H.265 Video Codec: What It Means for FPGA Designs

By Jong Kim | Mar 7, 2014

In early 2013 the next generation video codec standard was approved by the Joint Collaborative Team on Video Coding (JCT-VC). The standard is called High Efficiency Video Codec (HEVC), more commonly referred to as H.265.

H.265 boasts many improvements over the previous standard, H.264, namely that it is able to maintain the same image quality at half the bitrate. A better architecture and compression algorithm allow service providers to stream videos with much better resolution using the same bandwidth.

The new standard also requires far more processing power, which will have major implications for FPGA-based video designs.

Differences between H.264 and H.265:

 

H265_Video_Codec_Table.png
 

Architecturally, H.265 provides much greater flexibility for parallel encode/decode processing. The new standard adds a “tile” (an independently decodable region) layer on top of the “slice” layer, a modified CABAC context switching mechanism, and support for Waterfront Parallel Processing. CABAC was a challenging function for parallel processing, as it requires bitwise operation. In the H.265 standard, the parallelizing the CABAC processing is considered in the architectural layer.
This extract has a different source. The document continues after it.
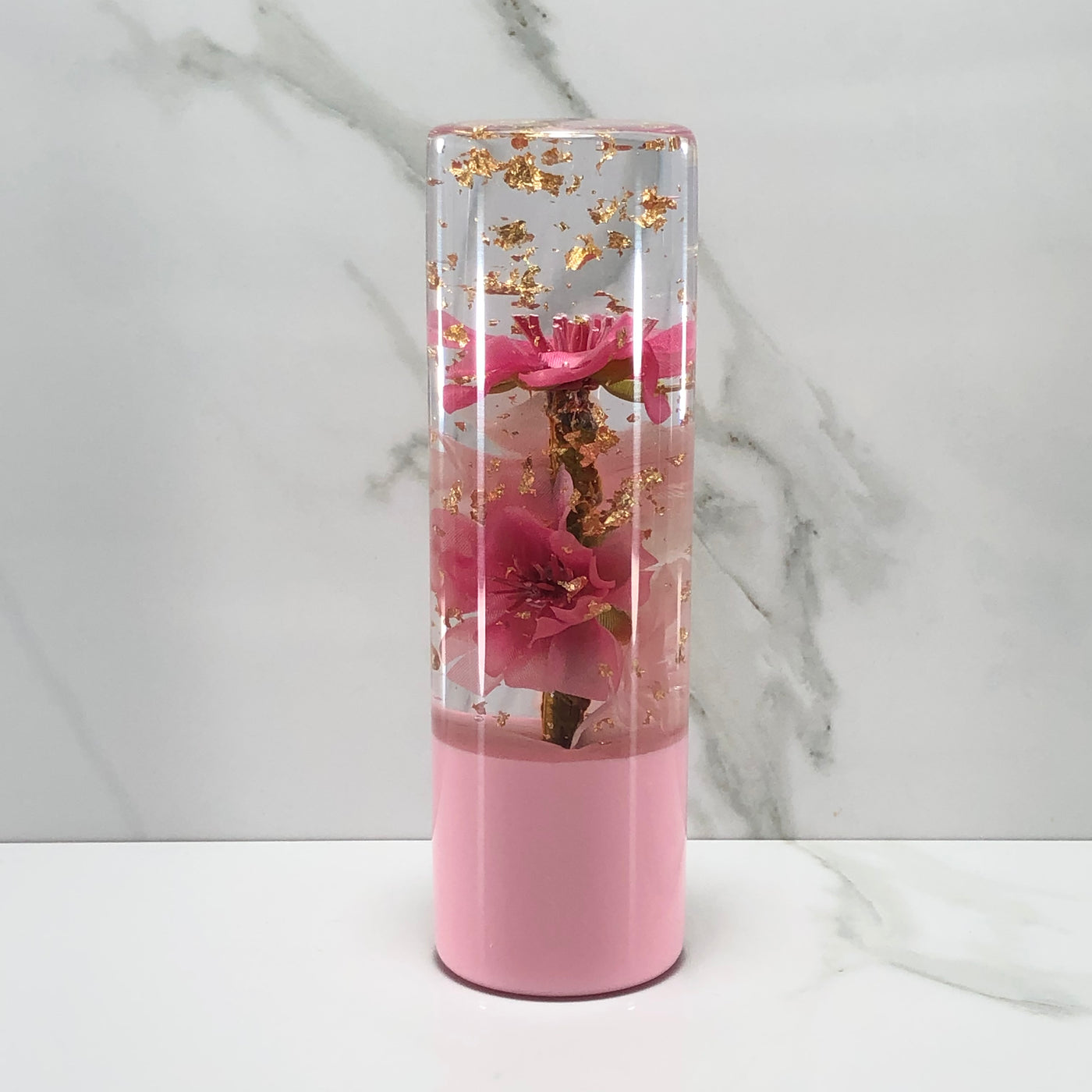 140mm Pink Blossom Resin Shift Knob — 5.5 in, 12mm x 1.25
On top of the CABAC parallelizing, all other encoding/decoding functions can be parallelized by the Waterfront processing strategy. The waterfront processing enables the multiple macroblocks processing when it’s neighbor macroblocks are ready.
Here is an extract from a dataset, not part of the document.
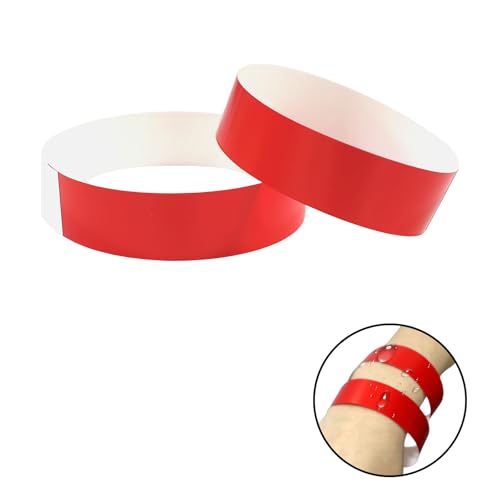 100 Stück Kunststoff-Papier-Armbänder für Veranstaltungen, wasserdichte Papier-Armbänder Einweg-Papierarmbänder für Musikfestivals, Clubpartys, Ausstellungen (Rot)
This enhanced parallel processing capability allows Ultra High Definition (UHD) 4K and 8K videos to be supported. With H.265, UHD encoding/decoding can be processed by multiple cores of HD class encoding/decoding IP.

So what does this mean for FPGA Designs?

To manage the complexity of H.265, FPGA devices can be used as co-processors or accelerators to achieve a real-time encoder/decoder system. Major FPGA vendors such as Altera and Xilinx currently offer very powerful SoC devices (Altera’s Arria V and Cylone V series, and Xilinx’s Zynq-7000). These SoC platforms could be the best approaches for development, prototyping, and production, as they provide both flexibility and performance. For simple calculations, the 4K encoding process can be split into four parallel processing pipelines, with two SoC chips performing the processing in parallel.
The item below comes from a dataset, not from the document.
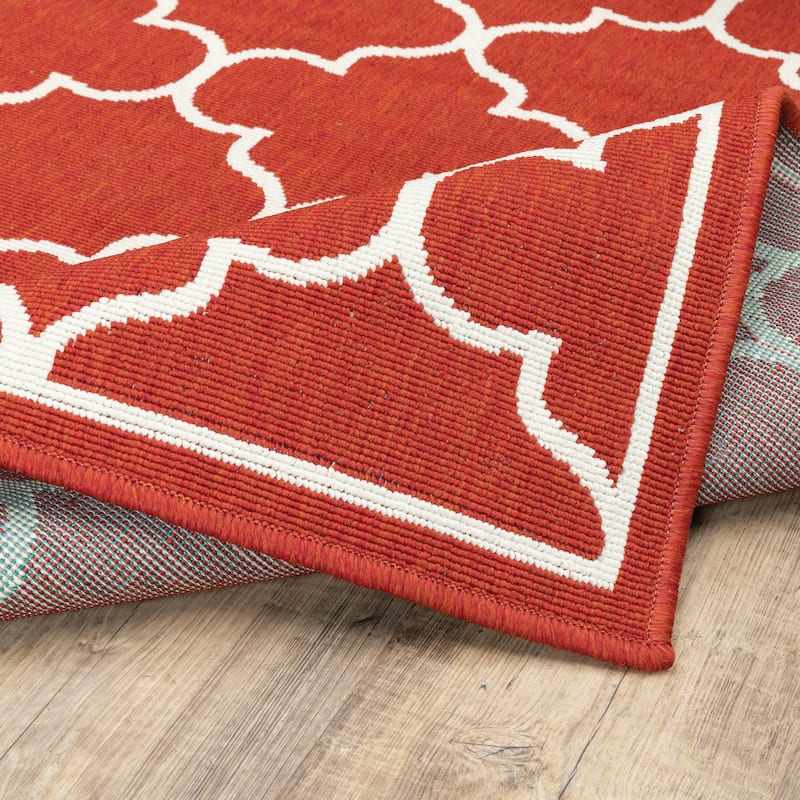 Style Haven Martinique Off-White/Brick Red Lattice Indoor Outdoor Rug-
The newly introduced SoC devices have dual ARM processors and FPGA fabric so that motion estimation, motion compensation, and inter prediction blocks can be implemented in the FPGA fabric. Integer DCT can be implemented in the FPGA DSP area, and Syntax assemble and Entropy coding can be handled by the ARM core. As the complexity of video codec algorithm increases these types of SoC FPGAs will be the best solution.